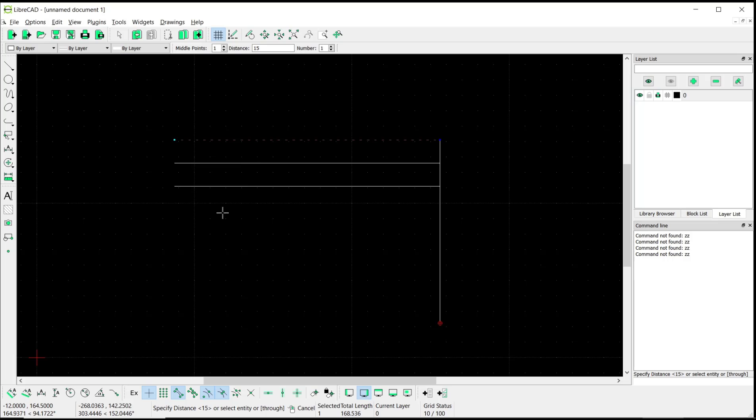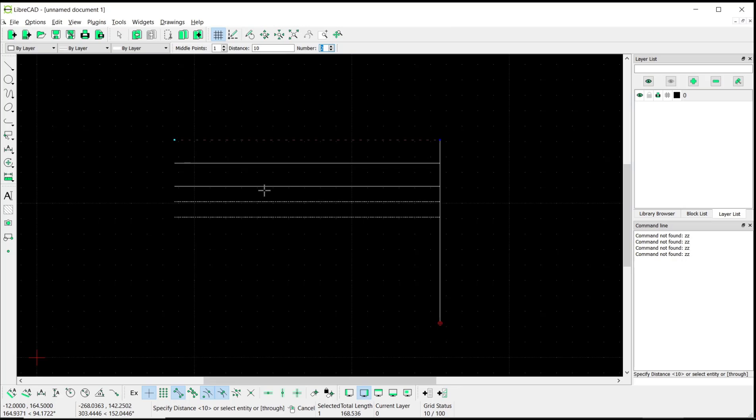You also can set the distance, like I will set it to 10, and then for number into two. You can see if you move it near the lines, it will be set for items into two and the distance set to 10.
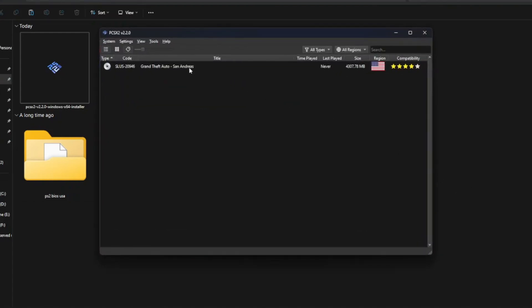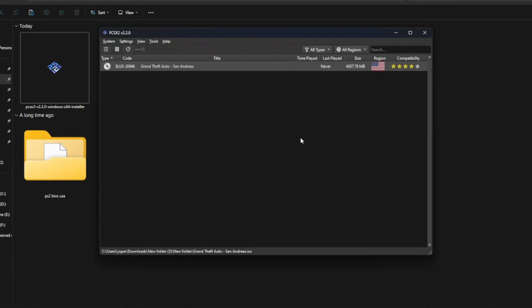You can see that the game has been successfully installed. Now, let me run it and show you.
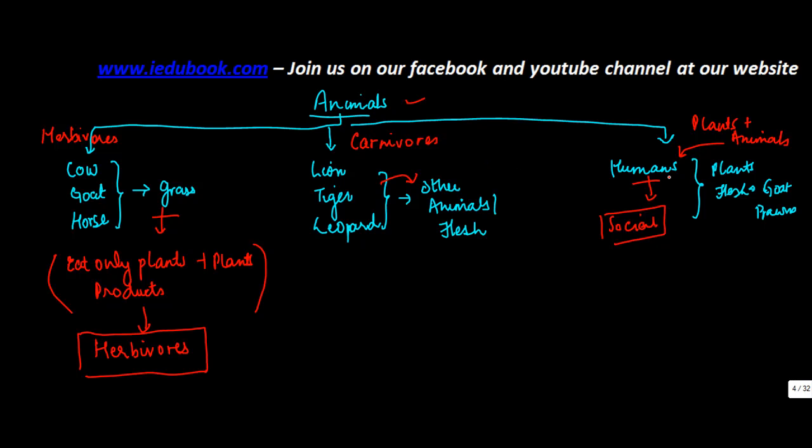So the people who eat both plants and animals are known as omnivores. So animals are basically by the nature of the habit or the nature of the food that they eat, belong to three categories. One is known as herbivores, those who eat only plants or plant products. Second are carnivores who eat other animals. And the third are basically omnivores which eat both plant and other animals.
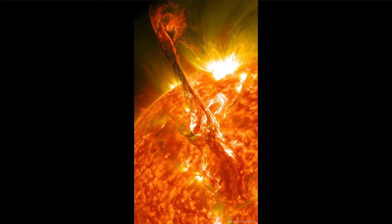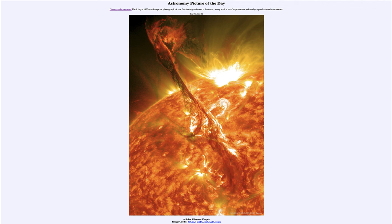So here we get to see one of those very large coronal mass ejections being ripped off the surface of the sun and sending charged particles out into space. That was our picture of the day for May 26th of 2024, titled 'A Solar Filament Erupts.' We'll be back again tomorrow for the next picture — until then, have a great day everyone, and I will see you in class.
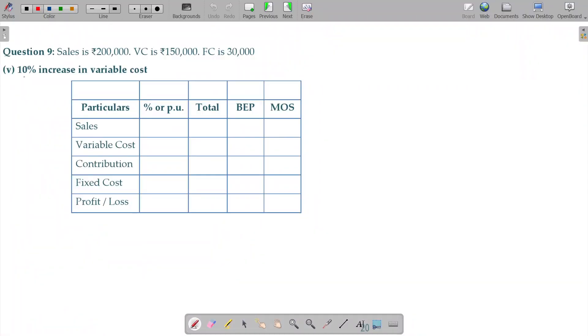Here, in question number 9, 10 percent increase in variable cost. If you have 150,000, if you have 15 increase, it is 165,000.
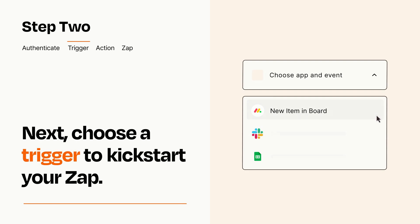Now let's set up your trigger, which is the event that starts your Zap. Pick the trigger event that you want from the list.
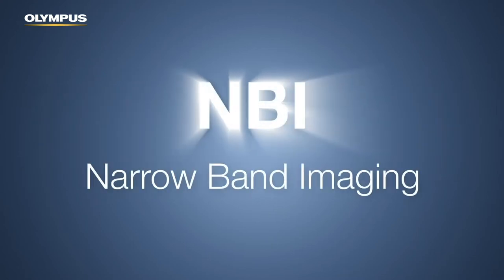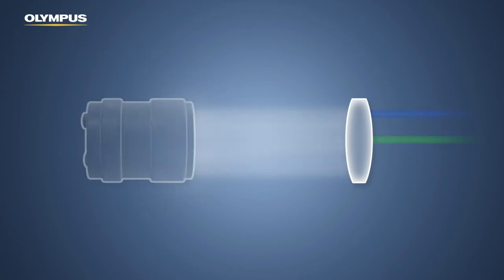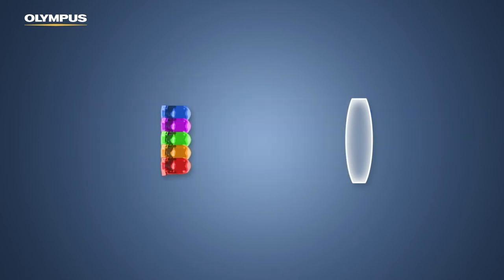NBI stands for Narrowband Imaging. In contrast to the previous series, EVS X1, NBI uses LED illumination.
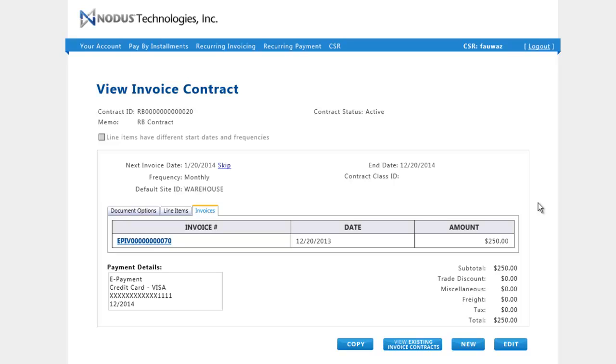So that was the basic overview of Nodus Technology's recurring invoicing add-on module. Please check out other videos from Nodus to see more features and functionalities of our ePay product.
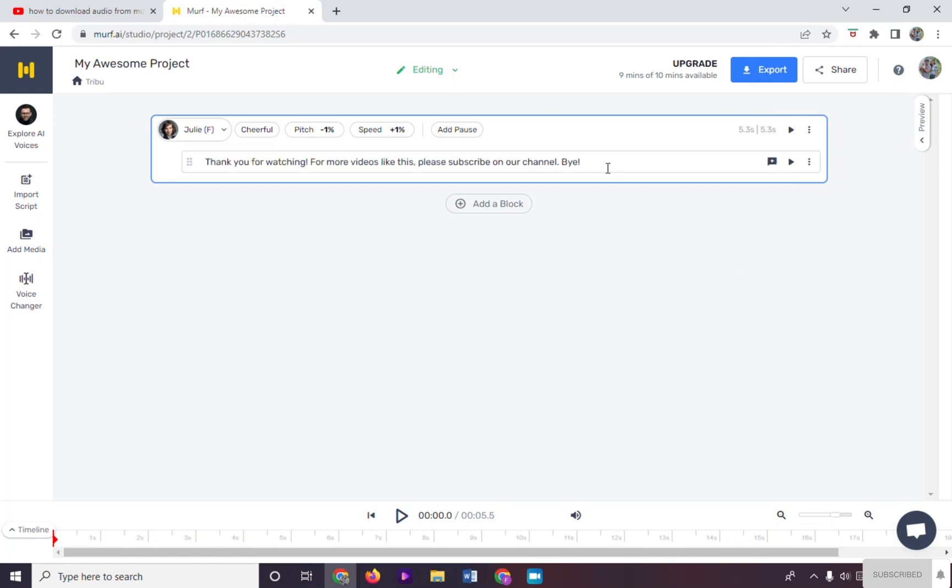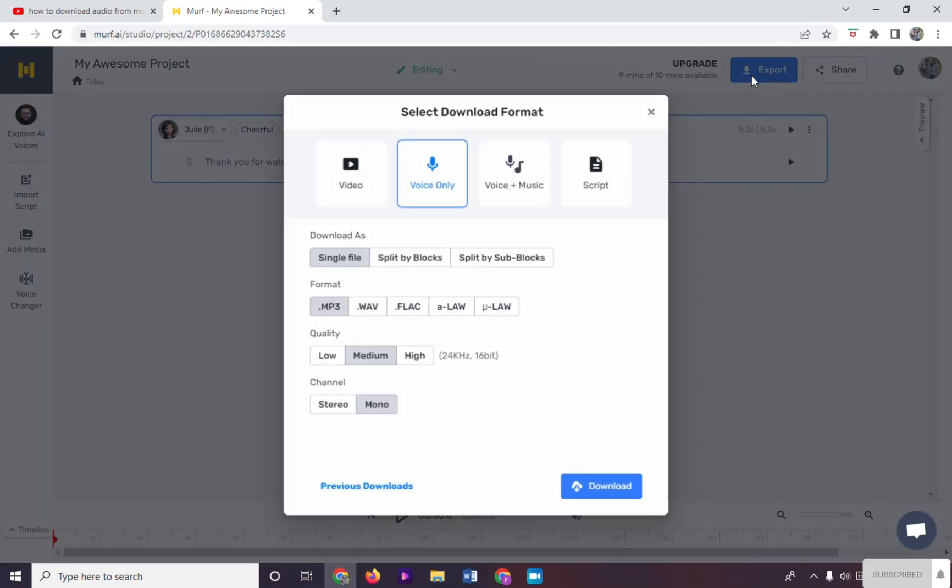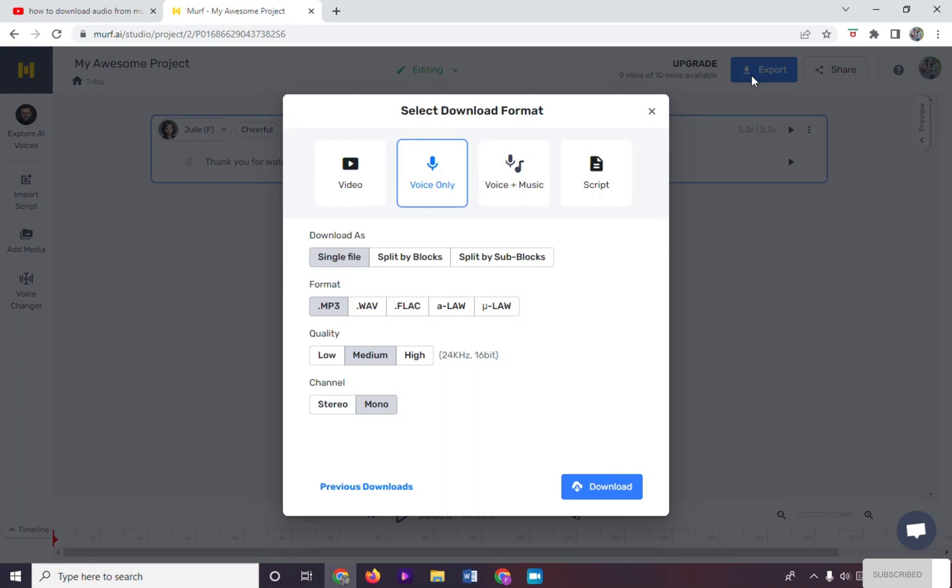To download our generated voice audio, click on export right here. In here we can select the format from video, voice only, voice plus music, and script.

━━━━━━━━━━━━━━━━

▸ **WHAT YOU SHOULD DO**
Please set down each entry word for word, without its images.

▸ **RESULT OF THIS EXERCISE**
You also can set the distance, like I will set it to 10, and then for number into two. You can see if you move it near the lines, it will be set for items into two and the distance set to 10.
You can see that the game has been successfully installed. Now, let me run it and show you.
So the people who eat both plants and animals are known as omnivores. So animals are basically by the nature of the habit or the nature of the food that they eat, belong to three categories. One is known as herbivores, those who eat only plants or plant products. Second are carnivores who eat other animals. And the third are basically omnivores which eat both plant and other animals.
So here we get to see one of those very large coronal mass ejections being ripped off the surface of the sun and sending charged particles out into space. That was our picture of the day for May 26th of 2024, titled 'A Solar Filament Erupts.' We'll be back again tomorrow for the next picture — until then, have a great day everyone, and I will see you in class.
Here, in question number 9, 10 percent increase in variable cost. If you have 150,000, if you have 15 increase, it is 165,000.
Now let's set up your trigger, which is the event that starts your Zap. Pick the trigger event that you want from the list.
NBI stands for Narrowband Imaging. In contrast to the previous series, EVS X1, NBI uses LED illumination.
So that was the basic overview of Nodus Technology's recurring invoicing add-on module. Please check out other videos from Nodus to see more features and functionalities of our ePay product.
To download our generated voice audio, click on export right here. In here we can select the format from video, voice only, voice plus music, and script.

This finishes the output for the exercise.